The first pip install is super important, make sure it is installed and you restart the kernel. **Make sure you import in the text files for the articles into your working director.**

In [None]:
!pip install https://github.com/explosion/spacy-models/releases/download/en_core_web_trf-3.7.3/en_core_web_trf-3.7.3-py3-none-any.whl


Below we begin by importing the text files, we suggest you do sentiment analysis for each topic separately and create a CSV file after each sentiment analysis. Later we will show you how we create the CSV.

In [None]:
# This makes it easy to grab everything titled (blah blah blah)whateveryouwant.txt
import glob
file_list = glob.glob('*Israel.txt')

In [None]:
# Double check that the files imported properly
print(file_list)

In [None]:
# Function to load in the articles and read them
def load_article(path):
    with open(path, "r", encoding="utf-8") as f:
        return f.read()


In [None]:
# This is our main thing we are using to split up the text and allow it to be
# used to create our model for sentiment analysis
import spacy
nlp = spacy.load("en_core_web_trf")

def segment_article(text):
    doc = nlp(text)
    sentences = [sent.text.strip() for sent in doc.sents]
    return sentences


In [None]:
def chunk_sentences(sentences, chunk_size=5):
  """A function designed to split up the text into chunks to
  then input into the model"""
  chunks = []
  for i in range(0, len(sentences), chunk_size):
      chunk = " ".join(sentences[i:i+chunk_size])
      chunks.append(chunk)
  return chunks


In [None]:
# Very important, importing from the hugging face library a pre-trained model
# based off of twitter data that better understands context for sentiment
# analysis
from transformers import pipeline

sentiment_model = pipeline(
    "text-classification",
    model="cardiffnlp/twitter-roberta-base-sentiment-latest",
    return_all_scores=True
)


In [None]:
def normalize_sentiment_output(output):
    if isinstance(output, list) and isinstance(output[0], dict):
        return output
    if isinstance(output, dict):
        return [output]
    raise ValueError(f"Unexpected sentiment output: {output}")


In [None]:
def discourse_weight(text):
  """Weighs some text slightly more compared to other words considering
  their impact in the text"""
  text = text.lower()
  if "in conclusion" in text or "overall" in text:
      return 1.5
  if "however" in text or "but" in text:
      return 1.3
  return 1.0


In [None]:
def analyze_chunks(chunks):
  """Analyzes the chunks individually to obtain a score for each chunk"""
  results = []

  for chunk in chunks:
      raw_output = sentiment_model(chunk)
      scores = normalize_sentiment_output(raw_output)

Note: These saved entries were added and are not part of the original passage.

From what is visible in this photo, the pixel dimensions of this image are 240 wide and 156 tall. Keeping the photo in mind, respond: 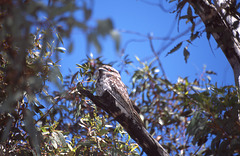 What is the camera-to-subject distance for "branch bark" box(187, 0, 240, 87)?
1373mm

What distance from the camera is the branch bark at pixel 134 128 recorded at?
1215mm

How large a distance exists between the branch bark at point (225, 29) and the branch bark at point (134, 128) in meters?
0.61

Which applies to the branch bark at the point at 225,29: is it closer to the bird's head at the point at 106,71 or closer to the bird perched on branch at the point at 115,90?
the bird perched on branch at the point at 115,90

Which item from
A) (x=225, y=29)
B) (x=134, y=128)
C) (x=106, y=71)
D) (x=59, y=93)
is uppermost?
(x=106, y=71)

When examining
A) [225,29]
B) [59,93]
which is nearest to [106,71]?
[59,93]

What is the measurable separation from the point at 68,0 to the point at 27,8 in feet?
0.34

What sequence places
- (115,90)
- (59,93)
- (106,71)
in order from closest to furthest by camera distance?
1. (59,93)
2. (115,90)
3. (106,71)

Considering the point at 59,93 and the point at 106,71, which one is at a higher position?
the point at 106,71

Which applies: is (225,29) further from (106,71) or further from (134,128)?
(106,71)

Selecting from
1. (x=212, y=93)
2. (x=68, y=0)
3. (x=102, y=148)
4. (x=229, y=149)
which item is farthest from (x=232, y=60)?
(x=68, y=0)

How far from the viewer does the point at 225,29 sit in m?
1.39

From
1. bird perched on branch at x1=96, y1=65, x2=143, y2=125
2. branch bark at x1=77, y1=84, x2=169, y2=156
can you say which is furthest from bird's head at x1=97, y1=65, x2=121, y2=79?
branch bark at x1=77, y1=84, x2=169, y2=156

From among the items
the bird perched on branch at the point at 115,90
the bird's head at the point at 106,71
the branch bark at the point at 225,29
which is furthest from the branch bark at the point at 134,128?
the branch bark at the point at 225,29

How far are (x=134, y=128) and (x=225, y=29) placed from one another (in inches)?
31.2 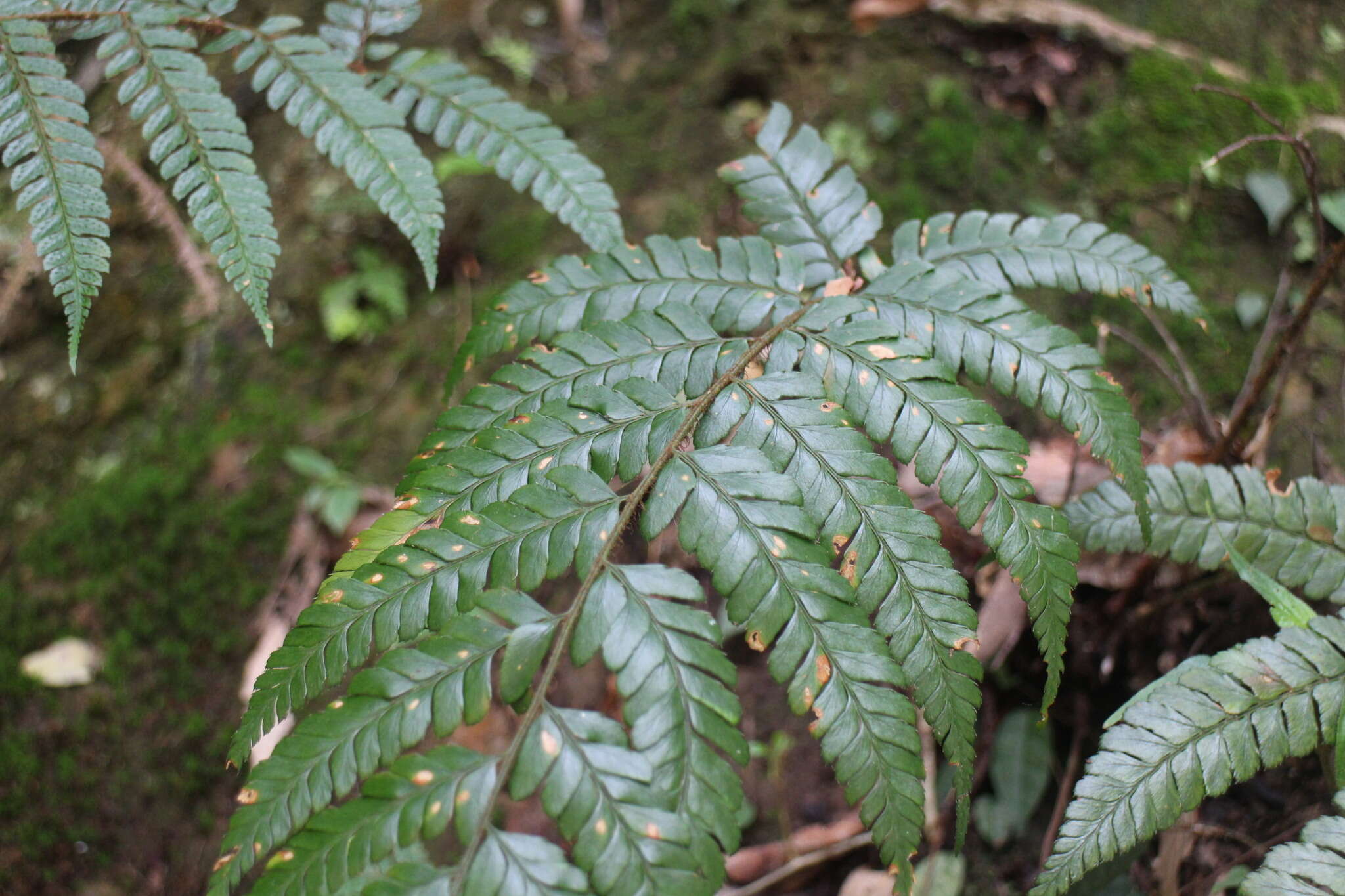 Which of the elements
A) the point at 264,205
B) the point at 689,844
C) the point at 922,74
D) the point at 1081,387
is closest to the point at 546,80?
the point at 922,74

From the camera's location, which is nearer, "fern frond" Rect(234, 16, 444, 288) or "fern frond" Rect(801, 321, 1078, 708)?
"fern frond" Rect(801, 321, 1078, 708)

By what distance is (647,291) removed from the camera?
1.83 m

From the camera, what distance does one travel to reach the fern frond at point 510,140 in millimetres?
1893

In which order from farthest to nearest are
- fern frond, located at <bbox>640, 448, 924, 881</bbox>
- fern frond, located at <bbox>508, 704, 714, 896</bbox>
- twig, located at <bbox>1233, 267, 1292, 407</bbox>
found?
twig, located at <bbox>1233, 267, 1292, 407</bbox> → fern frond, located at <bbox>640, 448, 924, 881</bbox> → fern frond, located at <bbox>508, 704, 714, 896</bbox>

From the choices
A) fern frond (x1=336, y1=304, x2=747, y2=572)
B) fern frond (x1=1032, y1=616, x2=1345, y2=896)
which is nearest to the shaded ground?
fern frond (x1=1032, y1=616, x2=1345, y2=896)

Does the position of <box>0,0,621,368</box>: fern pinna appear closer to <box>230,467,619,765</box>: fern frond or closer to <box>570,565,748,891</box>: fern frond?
<box>230,467,619,765</box>: fern frond

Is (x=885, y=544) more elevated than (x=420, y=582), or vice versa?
(x=885, y=544)

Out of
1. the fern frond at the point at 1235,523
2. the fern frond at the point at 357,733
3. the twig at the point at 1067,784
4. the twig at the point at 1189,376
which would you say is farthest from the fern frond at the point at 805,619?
the twig at the point at 1189,376

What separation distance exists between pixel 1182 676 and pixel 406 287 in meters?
3.10

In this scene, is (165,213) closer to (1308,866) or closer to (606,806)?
(606,806)

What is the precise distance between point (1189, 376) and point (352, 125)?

      weight = discourse_weight(chunk)

      weighted_scores = {}
      for s in scores:
          weighted_scores[s["label"]] = s["score"] * weight

      results.append(weighted_scores)

  return results


In [None]:
from collections import defaultdict

def aggregate_sentiment(chunk_results):
  """Function to aggregate all chunk sentiment values to get a total document
     wide understanding of the sentiment"""
  totals = defaultdict(float)

  for chunk in chunk_results:
      for label, score in chunk.items():
          totals[label] += score

  total = sum(totals.values())
  return {k: v / total for k, v in totals.items()}


Below is putting everything together in a for loop to go over each document and obtain a sentiment value for each document. We then append it to a list, and convert it into a dictionary for easy conversion into a CSV file.

In [None]:
positive = []
neutral = []
negative = []

In [None]:
for txt in file_list:
  article = load_article(txt)
  sentences = segment_article(article)
  chunks = chunk_sentences(sentences)
  chunk_results = analyze_chunks(chunks)
  doc_sentiment = aggregate_sentiment(chunk_results)
  positive.append(doc_sentiment.get('positive', 0.0))
  neutral.append(doc_sentiment.get('neutral', 0.0))
  negative.append(doc_sentiment.get('negative', 0.0))

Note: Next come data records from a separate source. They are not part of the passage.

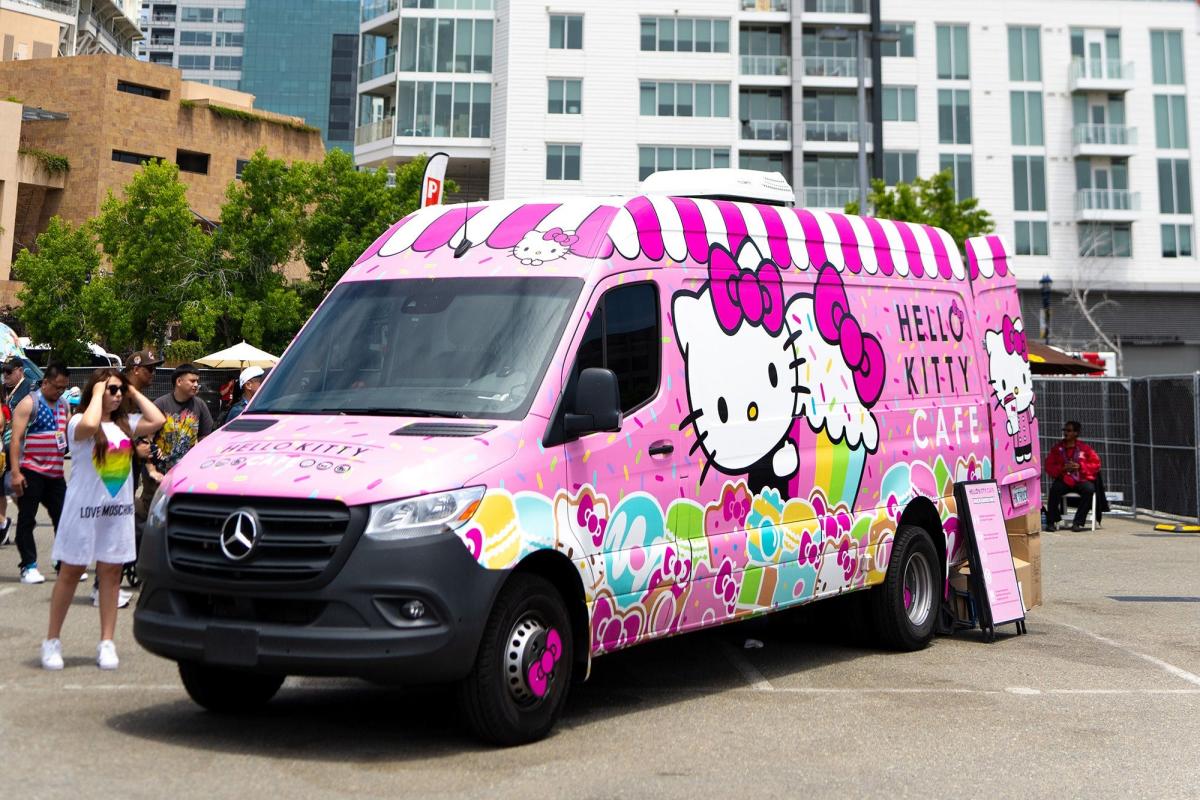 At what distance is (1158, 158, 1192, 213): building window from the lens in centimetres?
6419

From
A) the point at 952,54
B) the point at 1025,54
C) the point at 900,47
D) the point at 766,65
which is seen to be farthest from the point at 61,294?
the point at 1025,54

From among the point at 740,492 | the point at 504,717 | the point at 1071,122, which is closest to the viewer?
the point at 504,717

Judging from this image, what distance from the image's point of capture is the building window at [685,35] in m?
61.1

# Checking that we have sentiment scores
print(positive)
print(neutral)
print(negative)

In [None]:
dictionary_for_csv = {
    'File Name': file_list,
    'Positive': positive,
    'Neutral': neutral,
    'Negative': negative
}

In [None]:
import pandas as pd

# Converting into a CSV, rename to whatever data you are working with
df = pd.DataFrame(dictionary_for_csv)
df.to_csv('full_israel_sentiment.csv', index = False)